Le bal s’ouvre sur l’orchestre symphonique de l’institut national supérieur de musique (INSM) conduit par le maestro Lotfi Saidi. Sous la baguette de ce chef d’orchestre, les musiciens, une quarantaine, ont entamé des morceaux universels du XVIIIe, XIXe et XX siècles. Ces oeuvres ont été suivies de l’interprétation de titres musicaux nationaux qui ont retrouvé une nouvelle sonorité, sans rien altérer à l’original avec les arrangements apportés par Hocine Bouifrou.
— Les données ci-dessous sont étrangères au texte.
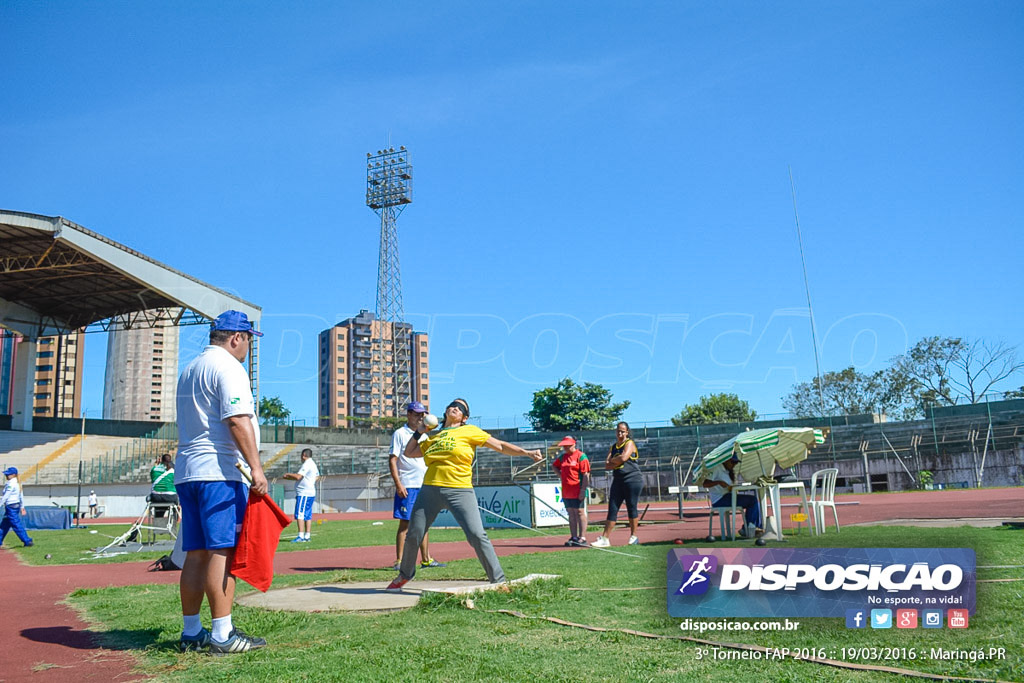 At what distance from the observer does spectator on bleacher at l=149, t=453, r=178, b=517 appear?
1327cm

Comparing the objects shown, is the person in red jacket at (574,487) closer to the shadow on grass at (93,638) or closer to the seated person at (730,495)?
the seated person at (730,495)

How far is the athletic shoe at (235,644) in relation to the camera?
4.42 m

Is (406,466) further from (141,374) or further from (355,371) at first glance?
(141,374)

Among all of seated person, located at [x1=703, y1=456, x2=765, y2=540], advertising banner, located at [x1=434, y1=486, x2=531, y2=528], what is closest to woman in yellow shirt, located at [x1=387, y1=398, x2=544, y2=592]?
seated person, located at [x1=703, y1=456, x2=765, y2=540]

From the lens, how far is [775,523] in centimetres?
941

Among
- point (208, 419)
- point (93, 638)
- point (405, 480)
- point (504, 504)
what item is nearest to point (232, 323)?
point (208, 419)

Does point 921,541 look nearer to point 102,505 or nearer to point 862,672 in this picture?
point 862,672

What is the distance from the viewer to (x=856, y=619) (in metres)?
3.70

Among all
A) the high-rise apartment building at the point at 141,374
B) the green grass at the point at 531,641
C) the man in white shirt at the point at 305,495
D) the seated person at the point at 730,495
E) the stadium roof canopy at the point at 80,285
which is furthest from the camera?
the high-rise apartment building at the point at 141,374

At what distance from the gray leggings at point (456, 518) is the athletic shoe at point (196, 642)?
2199mm

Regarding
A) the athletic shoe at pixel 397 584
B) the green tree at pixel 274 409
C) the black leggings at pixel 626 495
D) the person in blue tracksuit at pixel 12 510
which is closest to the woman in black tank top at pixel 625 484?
the black leggings at pixel 626 495

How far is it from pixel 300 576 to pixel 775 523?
5.59 metres

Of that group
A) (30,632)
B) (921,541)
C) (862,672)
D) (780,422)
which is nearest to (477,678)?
(862,672)

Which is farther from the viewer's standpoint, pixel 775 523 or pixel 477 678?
pixel 775 523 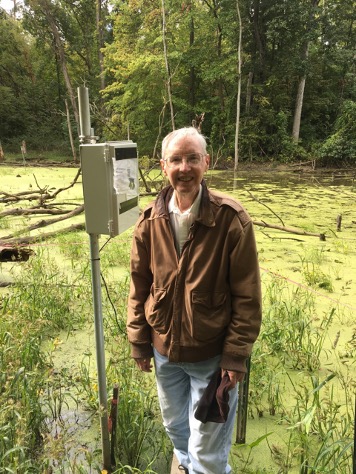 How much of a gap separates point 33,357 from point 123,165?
4.25ft

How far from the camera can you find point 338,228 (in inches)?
223

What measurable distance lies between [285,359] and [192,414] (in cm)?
118

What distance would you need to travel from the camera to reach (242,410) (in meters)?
1.69

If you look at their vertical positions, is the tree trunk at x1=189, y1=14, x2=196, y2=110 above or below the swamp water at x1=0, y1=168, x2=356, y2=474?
above

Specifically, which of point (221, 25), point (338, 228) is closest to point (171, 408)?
point (338, 228)

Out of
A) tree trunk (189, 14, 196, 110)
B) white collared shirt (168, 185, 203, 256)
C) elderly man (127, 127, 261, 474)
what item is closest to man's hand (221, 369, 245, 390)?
elderly man (127, 127, 261, 474)

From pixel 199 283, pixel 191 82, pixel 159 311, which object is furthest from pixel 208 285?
pixel 191 82

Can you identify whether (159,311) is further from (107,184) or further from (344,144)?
(344,144)

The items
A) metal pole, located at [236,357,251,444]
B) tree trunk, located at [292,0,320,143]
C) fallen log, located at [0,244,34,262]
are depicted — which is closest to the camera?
metal pole, located at [236,357,251,444]

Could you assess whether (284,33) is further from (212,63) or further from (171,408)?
(171,408)

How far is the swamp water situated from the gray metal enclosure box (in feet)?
2.43

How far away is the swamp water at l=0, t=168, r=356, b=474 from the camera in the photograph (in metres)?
1.67

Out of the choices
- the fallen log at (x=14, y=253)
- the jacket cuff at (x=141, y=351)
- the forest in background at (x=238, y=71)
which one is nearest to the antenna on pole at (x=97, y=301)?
the jacket cuff at (x=141, y=351)

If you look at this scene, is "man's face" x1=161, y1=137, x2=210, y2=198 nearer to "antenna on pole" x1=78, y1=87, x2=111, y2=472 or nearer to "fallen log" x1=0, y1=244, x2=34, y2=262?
"antenna on pole" x1=78, y1=87, x2=111, y2=472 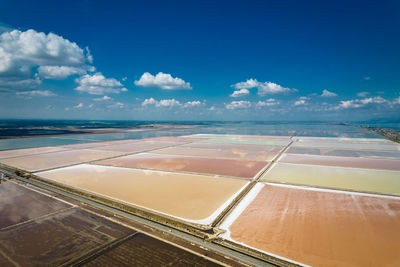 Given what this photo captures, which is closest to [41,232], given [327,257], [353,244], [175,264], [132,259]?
[132,259]

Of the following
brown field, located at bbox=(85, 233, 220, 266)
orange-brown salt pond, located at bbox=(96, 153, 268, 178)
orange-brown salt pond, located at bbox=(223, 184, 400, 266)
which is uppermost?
orange-brown salt pond, located at bbox=(96, 153, 268, 178)

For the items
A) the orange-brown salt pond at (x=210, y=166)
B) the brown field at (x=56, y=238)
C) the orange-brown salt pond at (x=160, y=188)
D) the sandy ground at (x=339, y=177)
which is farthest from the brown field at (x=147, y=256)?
the orange-brown salt pond at (x=210, y=166)

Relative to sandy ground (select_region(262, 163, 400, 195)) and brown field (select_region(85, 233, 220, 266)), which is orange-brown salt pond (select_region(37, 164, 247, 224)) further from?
sandy ground (select_region(262, 163, 400, 195))

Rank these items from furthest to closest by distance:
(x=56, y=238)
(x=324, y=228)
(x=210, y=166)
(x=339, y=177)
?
1. (x=210, y=166)
2. (x=339, y=177)
3. (x=324, y=228)
4. (x=56, y=238)

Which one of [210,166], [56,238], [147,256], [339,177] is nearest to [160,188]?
[56,238]

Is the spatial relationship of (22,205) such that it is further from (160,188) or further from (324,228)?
(324,228)

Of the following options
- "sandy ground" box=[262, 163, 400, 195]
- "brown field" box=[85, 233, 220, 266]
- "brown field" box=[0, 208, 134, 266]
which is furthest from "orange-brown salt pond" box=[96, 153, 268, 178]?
"brown field" box=[85, 233, 220, 266] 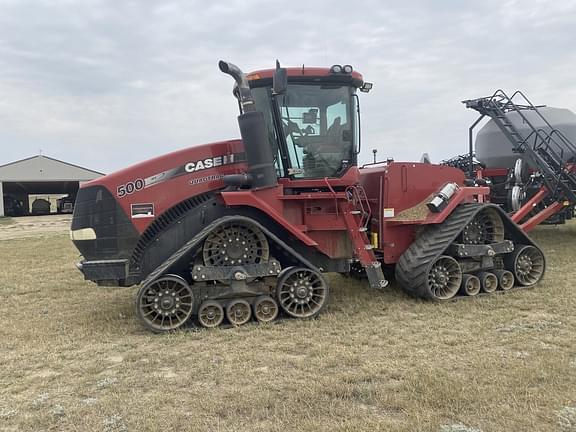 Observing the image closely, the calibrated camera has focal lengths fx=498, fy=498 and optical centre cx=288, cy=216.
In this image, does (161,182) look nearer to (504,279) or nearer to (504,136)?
(504,279)

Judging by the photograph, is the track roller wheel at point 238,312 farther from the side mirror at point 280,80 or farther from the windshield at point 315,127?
the side mirror at point 280,80

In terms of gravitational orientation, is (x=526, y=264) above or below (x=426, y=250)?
below

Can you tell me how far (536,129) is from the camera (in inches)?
469

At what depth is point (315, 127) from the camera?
6.30 meters

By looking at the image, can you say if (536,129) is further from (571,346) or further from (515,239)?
→ (571,346)

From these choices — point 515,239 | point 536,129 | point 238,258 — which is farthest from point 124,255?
point 536,129

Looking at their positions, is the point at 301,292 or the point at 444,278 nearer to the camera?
the point at 301,292

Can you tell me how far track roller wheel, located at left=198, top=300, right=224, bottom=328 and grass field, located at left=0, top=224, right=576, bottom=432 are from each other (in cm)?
17

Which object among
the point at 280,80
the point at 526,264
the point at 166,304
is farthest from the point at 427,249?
the point at 166,304

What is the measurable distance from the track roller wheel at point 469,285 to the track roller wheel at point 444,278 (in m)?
0.11

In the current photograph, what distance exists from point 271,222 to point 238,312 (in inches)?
45.7

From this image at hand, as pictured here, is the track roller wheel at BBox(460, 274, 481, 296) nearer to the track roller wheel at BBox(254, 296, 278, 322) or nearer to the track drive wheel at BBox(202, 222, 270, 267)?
the track roller wheel at BBox(254, 296, 278, 322)

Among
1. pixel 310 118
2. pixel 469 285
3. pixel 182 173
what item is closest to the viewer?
pixel 182 173

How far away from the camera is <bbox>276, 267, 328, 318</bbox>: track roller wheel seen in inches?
229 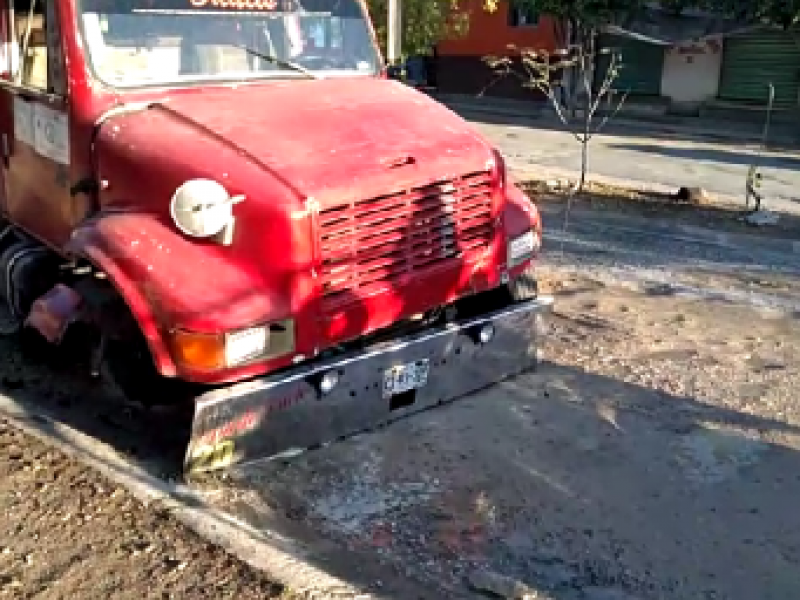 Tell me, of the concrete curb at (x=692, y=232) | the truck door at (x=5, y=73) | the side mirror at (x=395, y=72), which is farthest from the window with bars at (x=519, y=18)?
the truck door at (x=5, y=73)

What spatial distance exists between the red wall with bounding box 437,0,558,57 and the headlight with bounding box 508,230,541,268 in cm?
2127

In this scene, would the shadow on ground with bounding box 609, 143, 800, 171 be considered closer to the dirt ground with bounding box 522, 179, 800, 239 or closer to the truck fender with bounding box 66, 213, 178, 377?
the dirt ground with bounding box 522, 179, 800, 239

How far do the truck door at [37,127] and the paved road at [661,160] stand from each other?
8.79 m

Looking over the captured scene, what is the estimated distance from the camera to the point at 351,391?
186 inches

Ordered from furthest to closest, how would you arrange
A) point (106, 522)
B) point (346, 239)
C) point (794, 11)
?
point (794, 11), point (346, 239), point (106, 522)

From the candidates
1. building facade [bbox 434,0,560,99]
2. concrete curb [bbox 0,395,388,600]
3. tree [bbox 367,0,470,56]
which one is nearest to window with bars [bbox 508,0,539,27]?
building facade [bbox 434,0,560,99]

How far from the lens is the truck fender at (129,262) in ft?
13.6

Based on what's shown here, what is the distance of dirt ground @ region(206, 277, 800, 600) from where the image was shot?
3.89 metres

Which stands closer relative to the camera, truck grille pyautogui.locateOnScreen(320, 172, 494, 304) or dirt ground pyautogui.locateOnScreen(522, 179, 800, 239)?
truck grille pyautogui.locateOnScreen(320, 172, 494, 304)

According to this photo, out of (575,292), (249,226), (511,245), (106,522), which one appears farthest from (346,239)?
(575,292)

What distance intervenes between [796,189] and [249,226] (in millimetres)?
10863

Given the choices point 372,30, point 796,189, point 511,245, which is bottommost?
point 796,189

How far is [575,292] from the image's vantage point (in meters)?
7.56

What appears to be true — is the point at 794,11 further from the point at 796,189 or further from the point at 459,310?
the point at 459,310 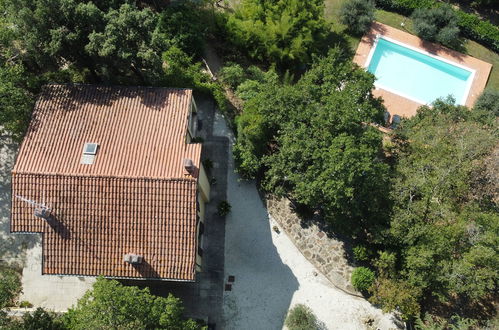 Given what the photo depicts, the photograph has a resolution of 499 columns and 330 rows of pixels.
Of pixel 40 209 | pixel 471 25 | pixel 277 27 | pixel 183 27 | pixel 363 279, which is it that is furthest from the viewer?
Answer: pixel 471 25

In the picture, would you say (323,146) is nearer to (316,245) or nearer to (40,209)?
(316,245)

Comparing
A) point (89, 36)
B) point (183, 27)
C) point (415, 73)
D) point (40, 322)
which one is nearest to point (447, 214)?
point (415, 73)

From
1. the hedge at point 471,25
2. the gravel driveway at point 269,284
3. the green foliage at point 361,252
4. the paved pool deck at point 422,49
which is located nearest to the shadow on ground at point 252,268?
the gravel driveway at point 269,284

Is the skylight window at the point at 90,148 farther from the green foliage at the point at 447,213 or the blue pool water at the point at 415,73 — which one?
the blue pool water at the point at 415,73

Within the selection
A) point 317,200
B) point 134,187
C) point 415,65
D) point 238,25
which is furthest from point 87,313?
point 415,65

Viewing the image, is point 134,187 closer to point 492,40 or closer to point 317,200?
point 317,200

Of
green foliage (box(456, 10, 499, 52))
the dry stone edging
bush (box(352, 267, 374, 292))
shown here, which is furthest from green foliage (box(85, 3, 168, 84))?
green foliage (box(456, 10, 499, 52)) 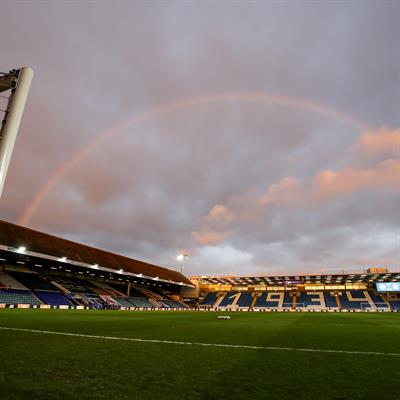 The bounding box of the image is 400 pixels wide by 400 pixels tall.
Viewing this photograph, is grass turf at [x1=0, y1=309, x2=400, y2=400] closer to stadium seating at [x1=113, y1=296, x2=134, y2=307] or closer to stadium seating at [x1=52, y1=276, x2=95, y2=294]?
stadium seating at [x1=52, y1=276, x2=95, y2=294]

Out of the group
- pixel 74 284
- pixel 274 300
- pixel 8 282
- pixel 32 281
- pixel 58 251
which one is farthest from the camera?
pixel 274 300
Pour accompagner ce patrimoine algérien, les voix de Saidi, Anissa Hadjerssi, Rayane Bensib et Yasmine Tail, et celle des ténors Imad Eddine Eddouh, Ahmed Abdelhadi (Hamada) et Massinissa Kaci. L’auditoire a longtemps applaudi ces prestations remarquées offertes également par la chorale polyphonique Ranine, sous la houlette de Wiam Benmara-Benhamouda. Le programme musical a comporté l’ode à l’Algérie, montée sur la cantate scénique, dans un tonnant enchaînement de “Carmina burana” ; Fortuna” de Carl Orff, et un texte écrit par Rabeh Kadem dédié à la fibre patriotique. Et pour rester dans les tons, un hommage dans un autre, Lamine Bechichi, homme de culture et à la sensibilité musicale nationaliste, disparu récemment, est ressuscité à travers l’instrumental de sa composition, qui a servi de générique au feuilleton El hariq, adapté pour la télévision par le réalisateur Mustpaha Badie de l’Incendie, en 1974. Dans le même sillage, une reconnaissance a été consacrée au personnage de Aïni, superbement campé dans le téléfilm, par l’indétrônable, Chafia Boudraa, absente de la cérémonie pour des raisons de santé, selon les propos de la ministre qui présidé cet hommage.
Après la musique place au 4e art et aux belles lettres C’est dans la suite du programme hommage qui a fait intervenir, en un court montage théâtral et poétique, d’un extrait de l’œuvre l’Incendie. Cette intervention donnéz à apprécier sous le titre “Dans le sanctuaire de Mohamed Dib”, tiré de “l’Aube Ismael” de Dib, a été lue par la jeune Kaouther Fatmi (12 ans), dans une mise en scène d’Ahmed Rezzag et une production signée le TNA (Théâtre national algérien) Mahieddine Bachtarzi. Une brochette de comédiens, dont Mohamed Frimehdi, dans le rôle de l’auteur, Mourad Oudjit, Nabila Ibrahim et Nesrine Belhadj se sont donné la réplique.
Puis arrive la danse. Elle est savamment exécutée par la chorégraphe Nouara Idami qui a donné libre corps à des mouvements empreints de la marginalisation dont avait souffert Dib, par ricochet, l’exclusion de l’”Artiste”, titre de cette chorégraphie, dans notre pays. Huit danseurs et ballerines ont accompli les moindres contours dessinés par la chorégraphe s’inspirant du texte de Moussa Noun, de la musique du Trio palestinien “Jobrane”, et de l’idée de Tarek Mirch.
Toujours, “L’incendie” ainsi que “Mille hourras pour une gueuse” “Le métier à tisser”, ont aussi fait l’objet d’un autre montage théâtral que le Théâtre régional de Constantine (TRC) a produit à partir d’une mise en scène de Karim Boudechiche. Six comédiens se sont associés à cette oeuvre dont Hakim Dekkar. Dans un deux en un, puisqu’il a été par la même, rendu un autre hommage à Noureddine Bechkri, grand comédien et ancien directeur artistique du TRC.
Danse encore, la chorégraphe Khadidja Guemiri et son partenaire Yahia Zakaria Hadj Ahmed, ont interprété, “Hadhrat el hob”, conçu et mis en scène par Khadidja Guemiri sur un texte de Bachir Gharib et une musique de la Tunisienne Dorsaf Hamdani. Un spectacle tout en mouvements fait de grâce et de beauté.
Dib, l’espace de deux heures d’hommage bien mérité, a été revisité en plus de cette annonce de la ministre de la Culture Malika Bendouda qui s’est engagée à faire traduire vers l’arabe les œuvres et les adapter au théâtre et au cinéma, de cet auteur méconnu desAlgériens, non enseigné à l’école, très peu promu à sa juste valeur. Un rattrapage avec cette autre décision prise de faire éditer l’écrivain en format poche. Cette alternative fait office d’invitation à l’adresse des écrivains, traducteurs et scénaristes auquel le ministère de la culture met à disposition des résidences d’écriture.